Für Angehörige
Schlaganfall-Patienten brauchen oft Pflege
Bei Freunden und Angehörigen eines Schlaganfall-Patienten sitzt der Schock meist tief. Ein Schlaganfall kommt plötzlich, verändert das Leben von einem Tag auf den anderen. Geht der Gehirnschlag glimpflich aus, bleibt es bei Sprach- und Bewegungsstörungen. In schweren Krankheitsverläufen wird der geliebte Mensch pflegebedürftig. Drei von vier Schlaganfall-Patienten tragen dieses Los.
Einige Patienten haben Glück: Bei leichten Schlaganfällen können sich die Beschwerden rasch, oft innerhalb weniger Tage, zurückbilden. Für sie ist es wichtig, sich gegen einen erneuten Schlaganfall zu schützen. Ist der Schlaganfall schwerer und sind große Gebiete des Gehirns betroffen, wird der Betroffene pflegebedürftig. Dies betrifft 70 Prozent der Schlaganfall-Patienten. Sie bleiben auch nach einer umfassenden Akuttherapie und Anschluss-Heilbehandlung in ihren Grundbedürfnissen auf andere angewiesen.
Pflegekräfte, Geld und Selbsthilfe: Wer zu Hause pflegt, braucht Unterstützung
Besteht bei einem Schlaganfall-Patienten Pflegebedürftigkeit, stellt sich für Angehörige und den Patienten die Frage, ob ein Pflegeheim notwendig oder auch häusliche Pflege möglich ist. Wichtig ist, dass die Entscheidung von beiden Seiten getragen wird - vom Patienten und von den Angehörigen. Häusliche Versorgung ist nicht in jedem Fall die bessere Lösung: Es gibt Patienten, die es nicht ertragen, ihren Angehörigen zur Last zu fallen. Für viele Angehörige hingegen bedeutet die Pflege des Patienten daheim eine seelische und körperliche Belastung, die sie nicht bewältigen können. Oft sind auch räumliche oder finanzielle Voraussetzungen nicht gegeben.
Entscheiden sich ein Schlaganfall-Patient und seine Angehörigen dafür, dass der Patient zu Hause gepflegt wird, sind umfangreiche Maßnahmen und Hilfen notwendig: Umgestaltung der Wohnräume, technische Hilfsmittel für den Alltag und natürlich die finanzielle Unterstützung durch die Pflegeversicherung.

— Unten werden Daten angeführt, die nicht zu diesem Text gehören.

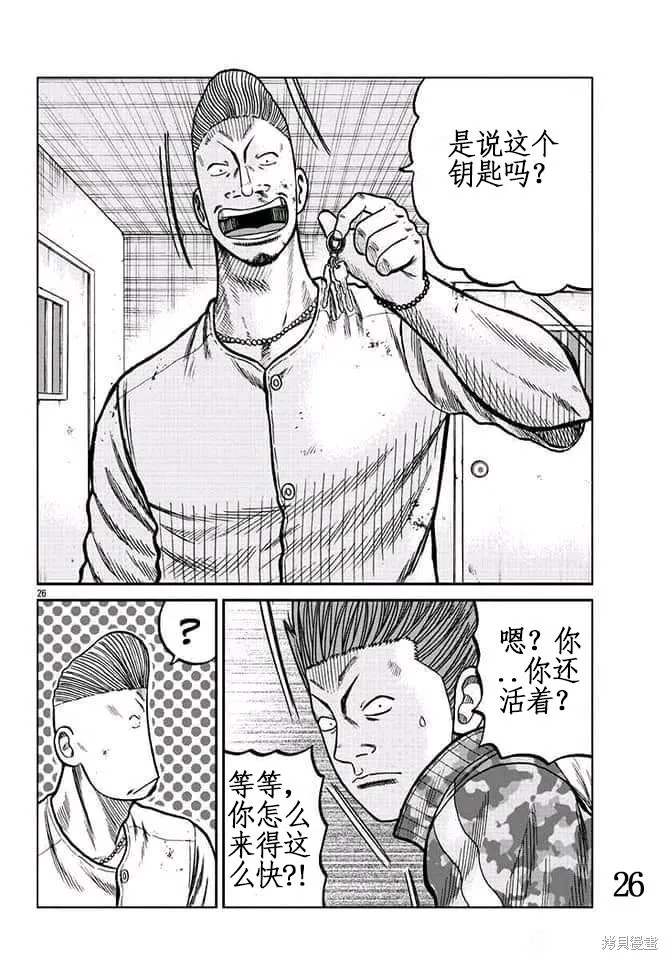 WORST外傳：哲頓老師,第06話,第26张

In den meisten Fällen ist es zudem unerlässlich, sich von ambulanten Pflegediensten unterstützen zu lassen. Dabei übernehmen Schwestern und Pfleger nicht nur einen Teil der Pflegearbeit, sie unterstützen die Familie auch mit vielen hilfreichen Tipps.

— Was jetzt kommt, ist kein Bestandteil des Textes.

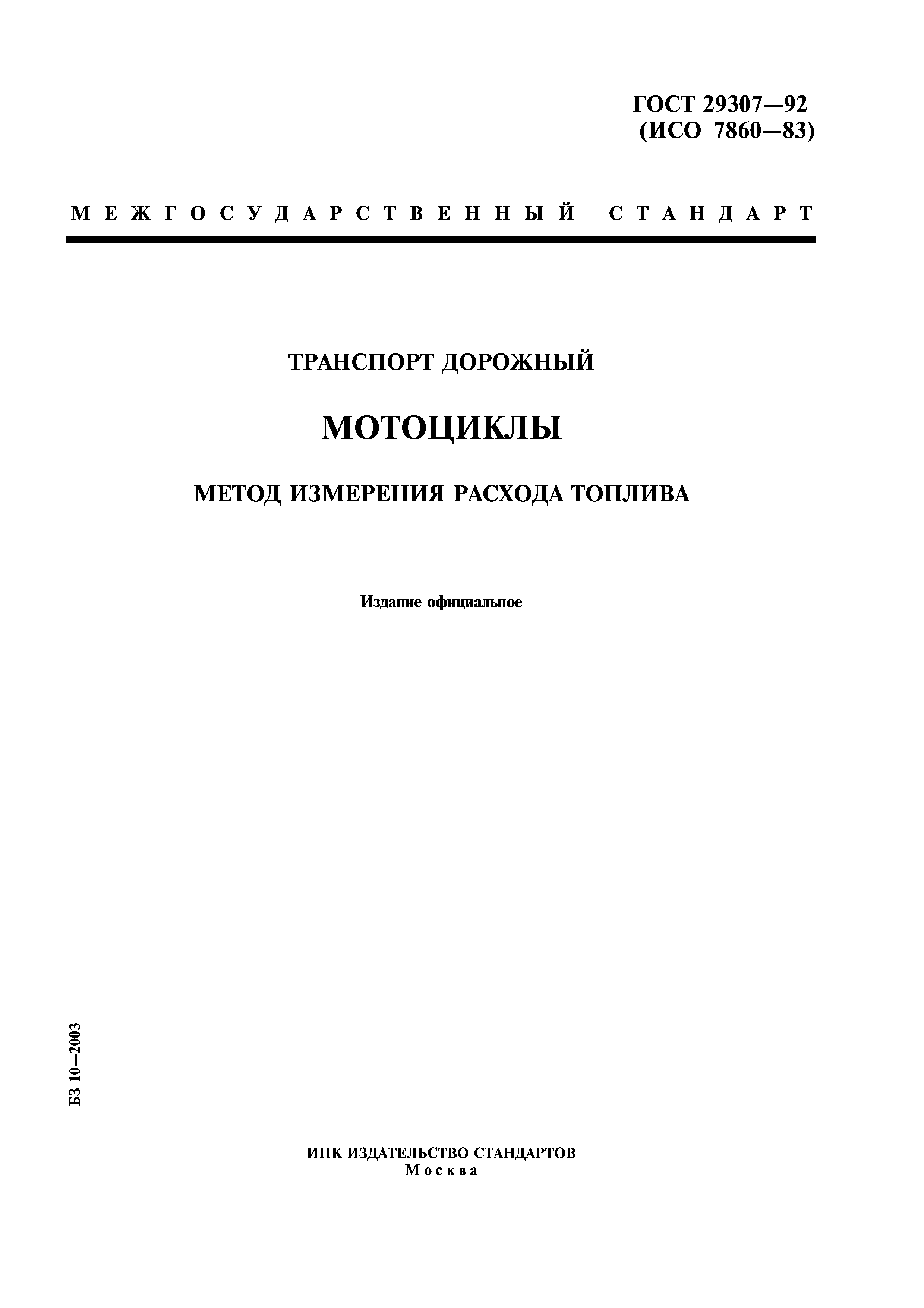 ГОСТ 29307-92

Der Einsatz eines ambulanten Pflegedienstes muss bei der Krankenkasse beantragt werden. Ob er gewährt wird, entscheidet die Kasse anhand eines ärztlichen Gutachtens. Die Wahl des Pflegedienstes ist dem Patienten und seinen Angehörigen überlassen. Ansprechpartner für ambulante Pflege sind Sozialstationen von kirchlichen Verbänden wie Caritas und Diakonie, aber auch private Pflegedienste. Bei privaten Anbietern sollte man allerdings auf die Qualifikation der Mitarbeiter und die Qualität der Leistungen achten.

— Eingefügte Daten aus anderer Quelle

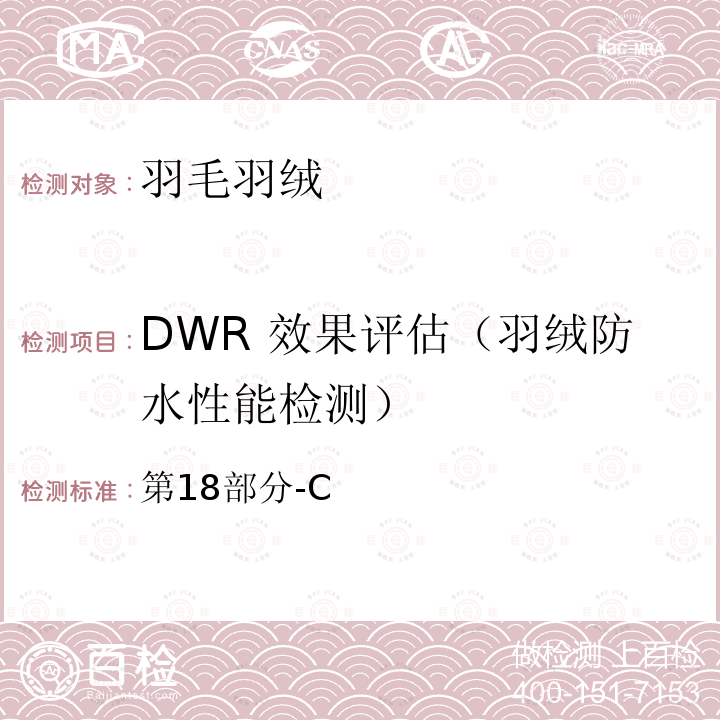 DWR 效果评估（羽绒防水性能检测） DWR 效果评估（羽绒防水性能检测） 第18部分-C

Neben Selbsthilfegruppen für Schlaganfall-Patienten gibt es auch Gruppen, in denen sich Angehörige von Schlaganfall-Patienten zusammengeschlossen haben. Viele Angehörige berichten, dass das Gespräch in der Gruppe Mut macht: Zu sehen und zu hören, wie andere Angehörige den Alltag in den Griff bekommen, gibt Zuversicht und Hoffnung, dass man es schaffen kann.